Take, for instance, a job recruitment AI system, which has been trained without explicit reference to gender, yet, it appears to favor male applicants for certain positions such as those in STEM fields. If the AI system were more interpretable, it might reveal that the algorithm indirectly uses gender-related factors, such as certain activities or keywords in a CV that might be more typical in one gender over the other. Likewise, more interpretable systems also allow researchers to detect and correct deceptive AI behavior or AI systems misaligned with human values.

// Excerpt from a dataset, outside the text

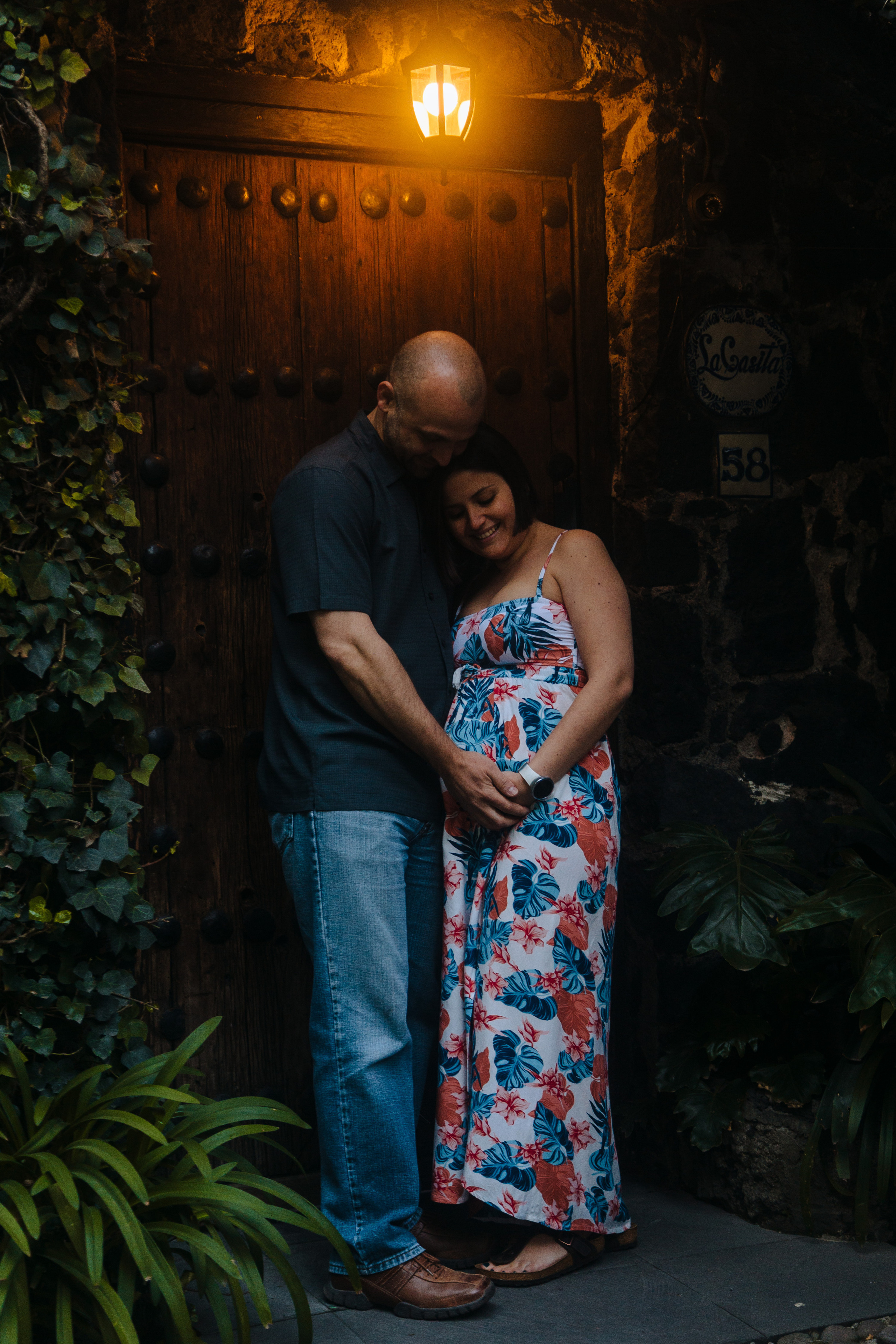 Фотосессия беременности Сильвия и Жан. Ирина Крохалева. Семейный фотограф в Екатеринбурге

Research is being conducted to develop controllable AI systems, with well-understood capabilities and restrictions. Such a bounded design would set clear parameters for what the AI system can and cannot do before deployment. Policymakers can mandate developers to ensure that systems cannot access more personal data than necessary for their function. By establishing clear limits on the power and capabilities of AI systems, we can prevent them from exceeding our control or understanding. Third-party auditors can then verify and evaluate the limits and capabilities of these models, holding AI developers accountable for any violation of ethical and safety standards.

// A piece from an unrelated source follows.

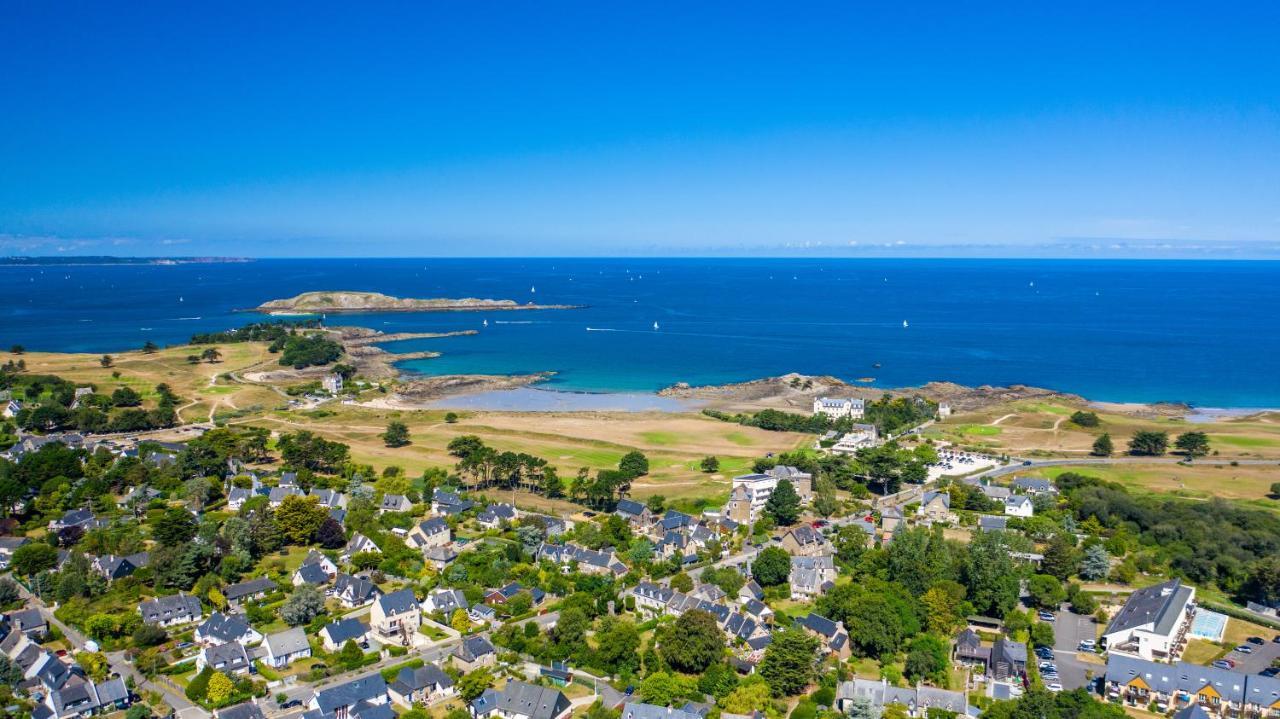 Camping Emeraude Saint-Briac-sur-Mer Kültér fotó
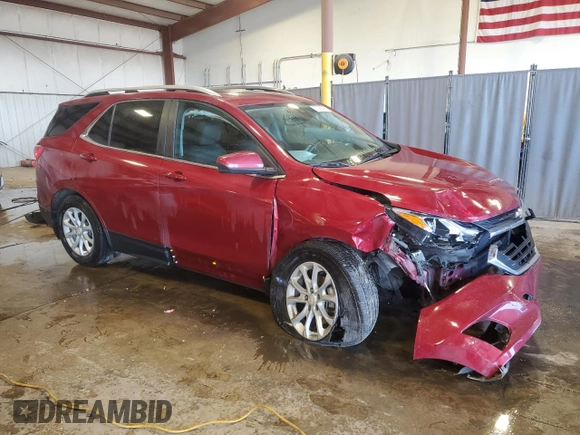 2021 Chevrolet Equinox LT с VIN 2GNAXKEV4M6150388, выставлен на аукционе Copart как лот 57385095 с пробегом Не указан миль и Списание • Salvage title. История ставок и продаж доступна на DreamBid. Изображение 4.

To explain how current harms and future risks relate, Critch (2023) provides a multidimensional taxonomy of the causes of society-scale risks from AI, which we summarise as follows:

  1. Diffusion of Responsibility: The harm from AI is the absence of collective responsibility for AI systems, as “no one is uniquely accountable for technology’s creation or use.”
  2. Unintentionally large AI impacts: This occurs when AI that is not expected to have a societal-scale impact does. For example, AI researchers generate a natural language text model to produce artificial hate speech for robust hate-speech detection. However, the corpus is accidentally leaked, resulting in the large-scale reuse of “‘scientifically proven” insults.
  3. Unintentionally negative AI impacts: AI that is originally intended to have a large societal impact turns out to be harmful by mistake
  4. Willful indifference: creators of AI technology are willfully unconcerned about its moral consequences, allowing it to cause widespread societal harms like pollution, misinformation or injustice
  5. Weaponization (criminal and state ): AI is created to intentionally inflict harm, such as terrorism, or deployed in war or law enforcement.

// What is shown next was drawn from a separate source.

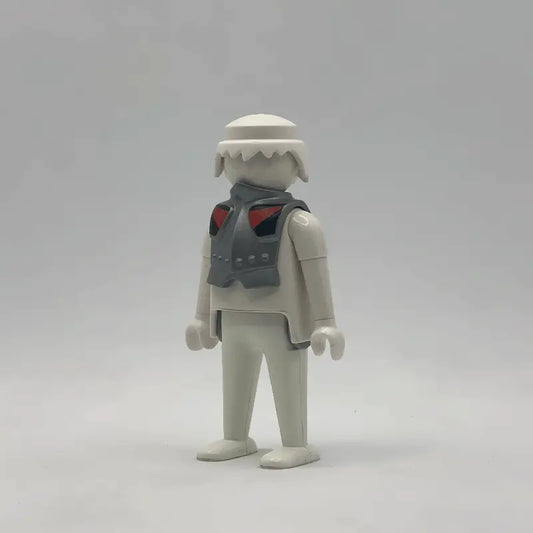 Playmobil PET001 - Mittelalterliche Rüstung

Also, the Centre for AI Safety writes there is “considerable overlap” between researchers from both sides. They highlight “many existing policy proposals designed to address the present impacts of AI systems would also promote AI safety if implemented”:

  1. Legal Liability for AI Harms: The AI Now Institute advocates for stricter legal liability frameworks for the consequences caused by AI systems to discourage developers from relinquishing responsibility, thus addressing misinformation and algorithmic bias, and promoting safety as a key aspect of AI design.
  2. Increased Regulatory Scrutiny for AI Development: The Institute also suggests more regulatory scrutiny throughout the AI product cycle, with accountability for developers’ data and design choices. Such transparency measures aim to fight algorithmic bias, prevent unauthorized profit from copyrighted materials, and avoid issues stemming from goal misspecification.
  3. Human Oversight in AI Systems: The European Union’s proposed AI Act highlights the necessity of human intervention in high-risk AI systems. Human oversight can mitigate the risks of algorithmic bias and the spread of false information, and enable early detection and management of hazardous AI systems.

To effectively manage the potential and risks of AI, the conversation must not be hijacked by a polarized dichotomy that fails to appreciate the interwoven nature of AI ethics and safety. Neither AI ethics nor AI safety risks are distractions - both are legitimate and pressing concerns. Focusing on dismissing or downplaying the concerns of one side is itself a distraction from the substantive and productive progress needed to drive the safe and ethical development and deployment of AI systems.